Whether an insurer, by accepting and retaining the premium for a coverage that by the terms of the policy is excluded or terminated, may be estopped to deny such coverage, must of course depend upon the circumstances of the particular case. For estoppel is an equitable doctrine, essentially flexible, and therefore to be applied or denied as the equities between the parties may preponderate. Peoples National Bank of Greenville v. Manos Bros., Inc., 226 S.C. 257, 84 S.E.2d 857, 45 A.L.R.2d 1070. Where the insurer over a long period of time after the date prescribed by it for the termination of a particular coverage has continued to demand, accept and retain the premium fixed by it for that coverage, it may reasonably be inferred that the insured, who in the normal course of things relies upon the insurer's billing, has been misled by such conduct to believe that the insurer has continued to accept the coverage. Upon the same premise, excusable ignorance on the part of the insured as to the true fact, i. e., that the insurer has made a mistake in its billing, may likewise be inferred.
In the present case, as has been noted, the premium for the double indemnity coverage, $10.00, was separate and distinct from, and in addition to, that charged for the normal coverage, $367.00. Although by the terms of the policy the double indemnity coverage was to expire in 1947, when the insured became sixty-five, the undisputed fact that appellant continued for sixteen years thereafter to bill him for such coverage, and to collect and retain it, in our opinion furnished sound and adequate basis for the three elements of estoppel — ignorance, misleading, and reliance — before mentioned.

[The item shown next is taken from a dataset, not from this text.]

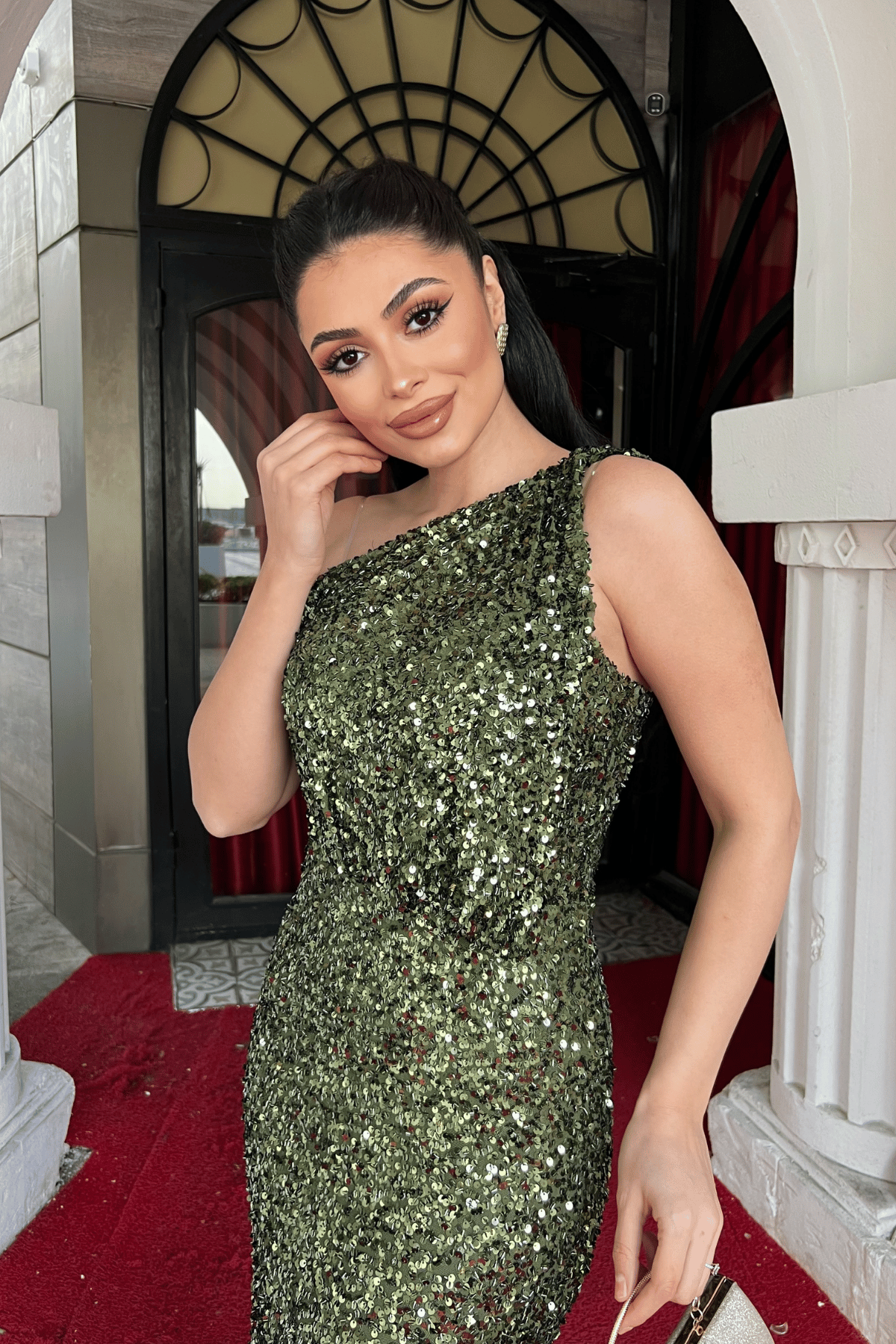 Payet Kumaş Tasarım Balık Elbise - HAKİ YEŞİLİ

The fourth element, prejudicial change of position, is also present. For not only did the insured expend the amount of such premium, in response to the erroneous billing, during each of the sixteen years between 1947 and 1963, but the insurer's claim for relief from the consequences of its error comes not until after the death of the insured and therefore, we think, too late. Cf. Privette v. Garrison, 235 S.C. 119, 110 S.E.2d 17, where the equitable doctrine of laches was held applicable as a bar to the assertion of a right by one party to a transaction against those claiming under the other party, then deceased.
We need not, and do not, decide whether the rule of non-waiver is applicable in the present case, for we think that under the facts apparent in the record here the insurer is estopped to deny the coverage in question. The issue of estoppel was before the Court; it was one of law, the essential facts being undisputed; and the result reached was the just and correct one. Affirmance in that result is proper in such case under Section 8 of Rule 4 of this Court. Colonial Life & Accident Ins. Co. v. South Carolina Tax Commission, 233 S.C. 129, 103 S.E.2d 908; South Carolina National Bank v. Florence Sporting Goods, Inc., 241 S.C. 110, 127 S.E.2d 199.
Affirmed in result.
MOSS, Acting C.J., and LEWIS, BUSSEY and BRAILSFORD, JJ., concur.